Showing posts with label Prunus avium. Show all posts
Showing posts with label Prunus avium. Show all posts

Friday, 8 April 2011

the fleeting joy of cherries, and the beekeeping season gets underway

The wild gean is out in all its glory.  The leaves are just starting to open, which gives the tree a slight tinge of bronze-pink, though the individual flowers are certainly white.  It is very lovely.

At the opposite end of the top lawn the Japanese cherry 'Taihaku' has just opened.  I have been looking at it periodically all through the day, knowing that its season is short, and that I'll be at work for the next three days.  The flowers are white, single, and large, and carried so generously that the tree appears a mass of white, again tinged pink by the newly emerging leaves.  The branches spread widely, and I hope that eventually it will reach right across the lawn.  After I planted it I put a bench by it, so that we could sit under it and look up at the blossom.  For the first couple of years the bench was bigger than the crown of the tree, but nowadays you can indeed sit under the canopy of flowers.  The story goes that 'Taihaku' was believed lost to cultivation in Japan, when in 1926 the great gardener Collingwood Ingram, an expert on cherries, nicknamed Cherry Ingram by his friends, recognised a rather tatty plant in a Sussex garden as the lost Great White Cherry, propagated it, and saved it for the world. Our plant is a descendent of that Sussex tree.  My late father-in-law planted a 'Taihaku' in the 1960s, when it was not so easily come by as it is now, so my partner has a sentimental attachment to our tree.

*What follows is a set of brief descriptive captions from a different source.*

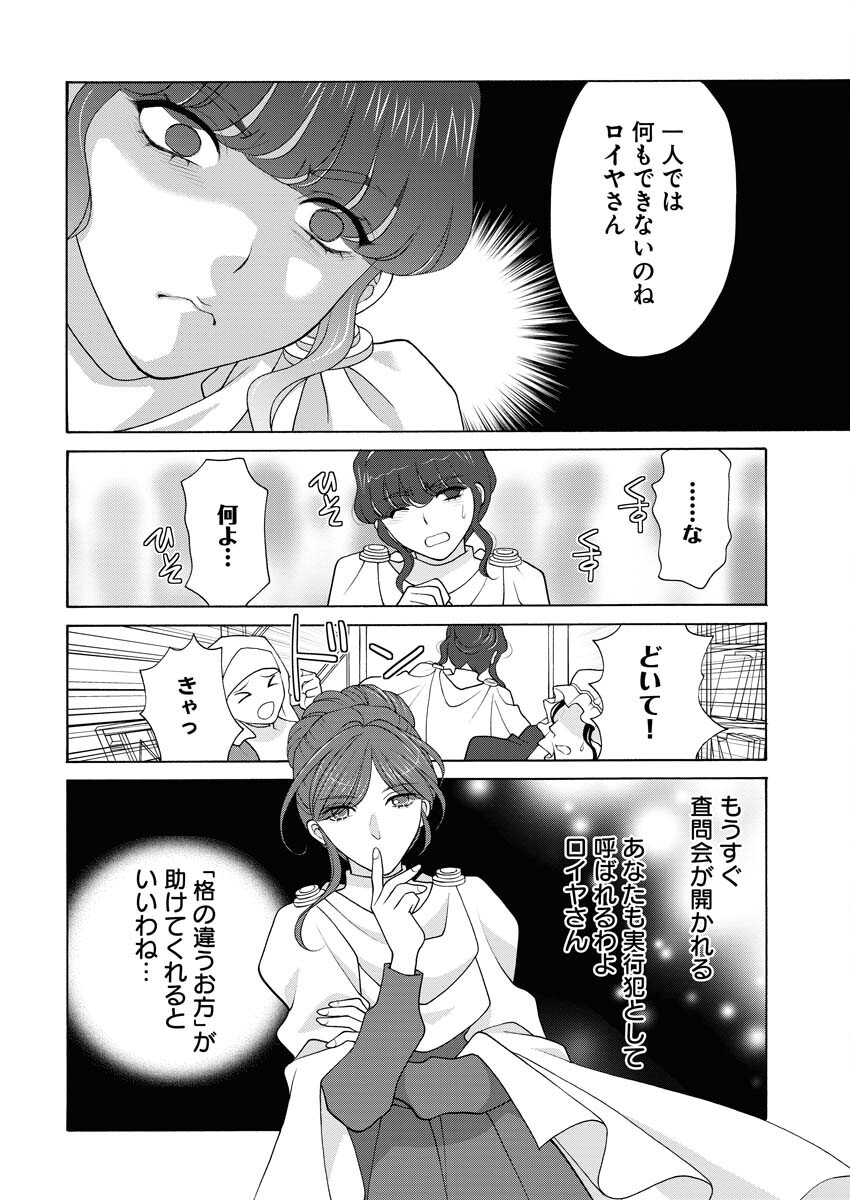 Oukyuu Jokan no Nozokimi Jikenbo - Kuuki Yomazu ni Anata no Himitsu Abakimasu - Chapter 12 - Page 25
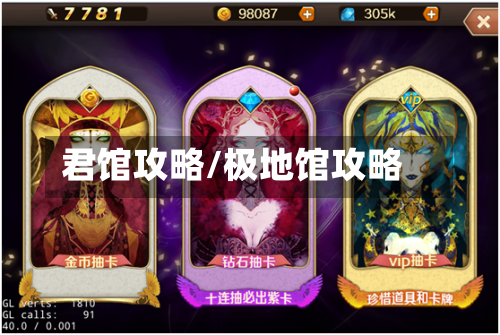 君馆攻略/极地馆攻略-第3张图片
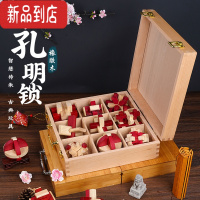 真智力鲁班锁孔明锁全套九连环小学生10岁以上烧脑解密老人益智玩具解闷 ⭐典藏款⭐橡木孔明锁9件+典藏实木礼盒+说明书+视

On a different subject entirely, I inspected the bees today.  I knew that all three colonies were alive because I'd had the roofs off, though not lifted the crown boards before today, to feed them when winter seemed to be dragging on for so long and I was worried they might starve.  March is an easy time to lose bees through starvation.  They were overwintered on mesh floors (for the benefit of non-beekeepers, the floor as you would expect is the bottom of the beehive, and was traditionally solid, made of wood.  In recent years beekeepers have been experimenting with floors made out of fine wire mesh, the idea being that any of the dreaded varroa mites that fall off the bees drop right through the bottom of the beehive before they can climb back on another bee).  I'd asked around other beekeepers about the merits of keeping the mesh right through the winter, and opinion seemed divided whether it would be too cold for them versus a solid floor that kept the icy winds out, or whether the additional ventilation would be a help to them by preventing condensation and damp conditions in the hive.  Apart from the period when I was using a vapour based varroa treatment I've had them on mesh, and they all survived the experience despite it being a very long, cold winter.

One of the colonies was a swarm that we didn't get until last July, and it was nip and tuck whether it was big enough to be worth over-wintering or whether to combine it with the colony I split from the big colony last spring.  I decided to chance it, partly because I was feeling lucky, partly because I had the spare hive and the swarm and the experiment didn't really cost anything, and partly because I liked the look of my existing stock and didn't want to mess them around.  So it was a bit of a result that the swarm made it through to this April.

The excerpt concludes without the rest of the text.